>>

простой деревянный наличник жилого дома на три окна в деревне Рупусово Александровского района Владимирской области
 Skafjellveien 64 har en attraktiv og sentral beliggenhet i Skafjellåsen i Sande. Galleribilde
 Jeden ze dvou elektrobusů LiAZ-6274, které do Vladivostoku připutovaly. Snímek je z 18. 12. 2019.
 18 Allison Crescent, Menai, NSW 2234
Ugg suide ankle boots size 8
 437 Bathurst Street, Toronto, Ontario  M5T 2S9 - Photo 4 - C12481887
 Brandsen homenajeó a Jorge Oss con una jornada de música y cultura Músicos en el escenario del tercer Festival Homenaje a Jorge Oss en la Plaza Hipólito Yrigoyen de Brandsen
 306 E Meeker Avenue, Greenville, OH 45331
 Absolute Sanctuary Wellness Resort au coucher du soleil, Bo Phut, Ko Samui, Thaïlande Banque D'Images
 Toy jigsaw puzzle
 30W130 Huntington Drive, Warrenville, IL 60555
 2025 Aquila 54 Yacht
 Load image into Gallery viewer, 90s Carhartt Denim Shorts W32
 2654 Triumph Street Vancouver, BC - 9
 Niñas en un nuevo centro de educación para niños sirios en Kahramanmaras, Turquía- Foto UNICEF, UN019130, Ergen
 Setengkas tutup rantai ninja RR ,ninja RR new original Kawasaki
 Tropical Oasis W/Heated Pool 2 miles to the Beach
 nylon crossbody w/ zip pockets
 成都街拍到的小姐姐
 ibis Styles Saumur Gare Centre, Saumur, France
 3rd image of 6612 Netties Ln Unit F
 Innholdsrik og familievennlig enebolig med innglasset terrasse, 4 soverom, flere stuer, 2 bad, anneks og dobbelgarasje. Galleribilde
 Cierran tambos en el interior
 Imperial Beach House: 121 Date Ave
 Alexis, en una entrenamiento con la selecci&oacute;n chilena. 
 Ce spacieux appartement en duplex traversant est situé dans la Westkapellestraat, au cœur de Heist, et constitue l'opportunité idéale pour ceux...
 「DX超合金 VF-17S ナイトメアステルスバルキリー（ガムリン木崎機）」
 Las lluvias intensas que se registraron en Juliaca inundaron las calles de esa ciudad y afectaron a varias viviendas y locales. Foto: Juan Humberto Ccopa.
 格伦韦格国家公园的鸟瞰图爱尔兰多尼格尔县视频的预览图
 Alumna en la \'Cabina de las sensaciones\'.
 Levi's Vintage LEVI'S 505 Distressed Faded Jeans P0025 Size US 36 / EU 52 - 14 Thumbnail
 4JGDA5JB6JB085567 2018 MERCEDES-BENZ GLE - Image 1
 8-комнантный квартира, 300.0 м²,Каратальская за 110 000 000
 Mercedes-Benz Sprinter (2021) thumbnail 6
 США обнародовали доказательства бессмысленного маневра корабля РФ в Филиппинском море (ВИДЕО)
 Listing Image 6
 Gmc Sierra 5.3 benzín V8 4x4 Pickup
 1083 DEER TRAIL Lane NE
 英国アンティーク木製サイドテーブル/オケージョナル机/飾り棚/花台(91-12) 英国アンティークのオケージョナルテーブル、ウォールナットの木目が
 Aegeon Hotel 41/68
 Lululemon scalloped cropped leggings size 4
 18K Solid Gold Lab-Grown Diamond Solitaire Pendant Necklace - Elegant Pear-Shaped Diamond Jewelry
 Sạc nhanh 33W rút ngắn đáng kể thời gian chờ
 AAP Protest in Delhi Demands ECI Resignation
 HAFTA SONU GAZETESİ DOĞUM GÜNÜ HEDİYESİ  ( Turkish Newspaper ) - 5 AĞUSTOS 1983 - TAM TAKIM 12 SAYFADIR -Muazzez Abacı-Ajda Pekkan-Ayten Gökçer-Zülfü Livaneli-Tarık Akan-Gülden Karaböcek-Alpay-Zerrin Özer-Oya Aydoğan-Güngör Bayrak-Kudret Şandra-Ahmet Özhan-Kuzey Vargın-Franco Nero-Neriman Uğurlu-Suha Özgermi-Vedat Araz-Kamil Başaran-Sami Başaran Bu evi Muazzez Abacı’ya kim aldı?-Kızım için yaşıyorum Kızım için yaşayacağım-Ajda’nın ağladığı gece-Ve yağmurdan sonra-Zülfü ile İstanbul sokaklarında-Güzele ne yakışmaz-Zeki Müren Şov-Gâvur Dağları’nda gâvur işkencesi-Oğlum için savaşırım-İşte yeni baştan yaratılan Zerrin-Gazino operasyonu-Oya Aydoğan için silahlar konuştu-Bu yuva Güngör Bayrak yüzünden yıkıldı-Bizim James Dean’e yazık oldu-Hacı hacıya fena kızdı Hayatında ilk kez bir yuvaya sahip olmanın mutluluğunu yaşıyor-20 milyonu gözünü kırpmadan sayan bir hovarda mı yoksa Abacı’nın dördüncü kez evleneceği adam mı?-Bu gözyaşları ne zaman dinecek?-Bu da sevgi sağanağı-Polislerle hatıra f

<<

## Exercise requirements
Write out, from the lines above, only those from the line with "18K Solid Gold" to the line with "AAP Protest in Delhi Demands ECI Resignation", exactly as given, including the first and the last.

## Answer section
 18K Solid Gold Lab-Grown Diamond Solitaire Pendant Necklace - Elegant Pear-Shaped Diamond Jewelry
 Sạc nhanh 33W rút ngắn đáng kể thời gian chờ
 AAP Protest in Delhi Demands ECI Resignation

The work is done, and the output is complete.